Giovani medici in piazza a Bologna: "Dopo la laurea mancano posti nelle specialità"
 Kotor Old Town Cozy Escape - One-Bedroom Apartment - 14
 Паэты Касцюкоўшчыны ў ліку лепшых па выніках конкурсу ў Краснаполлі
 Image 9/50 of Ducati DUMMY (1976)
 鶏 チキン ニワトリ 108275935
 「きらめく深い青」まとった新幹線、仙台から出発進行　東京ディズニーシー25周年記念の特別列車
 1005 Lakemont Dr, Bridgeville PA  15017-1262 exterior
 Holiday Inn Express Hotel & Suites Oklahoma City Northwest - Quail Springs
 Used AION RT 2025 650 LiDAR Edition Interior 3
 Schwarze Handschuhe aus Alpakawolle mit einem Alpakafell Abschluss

- **Exercise**
Exact copies of every record are required.

- **Written reply**
Giovani medici in piazza a Bologna: "Dopo la laurea mancano posti nelle specialità"
 Kotor Old Town Cozy Escape - One-Bedroom Apartment - 14
 Паэты Касцюкоўшчыны ў ліку лепшых па выніках конкурсу ў Краснаполлі
 Image 9/50 of Ducati DUMMY (1976)
 鶏 チキン ニワトリ 108275935
 「きらめく深い青」まとった新幹線、仙台から出発進行　東京ディズニーシー25周年記念の特別列車
 1005 Lakemont Dr, Bridgeville PA  15017-1262 exterior
 Holiday Inn Express Hotel & Suites Oklahoma City Northwest - Quail Springs
 Used AION RT 2025 650 LiDAR Edition Interior 3
 Schwarze Handschuhe aus Alpakawolle mit einem Alpakafell Abschluss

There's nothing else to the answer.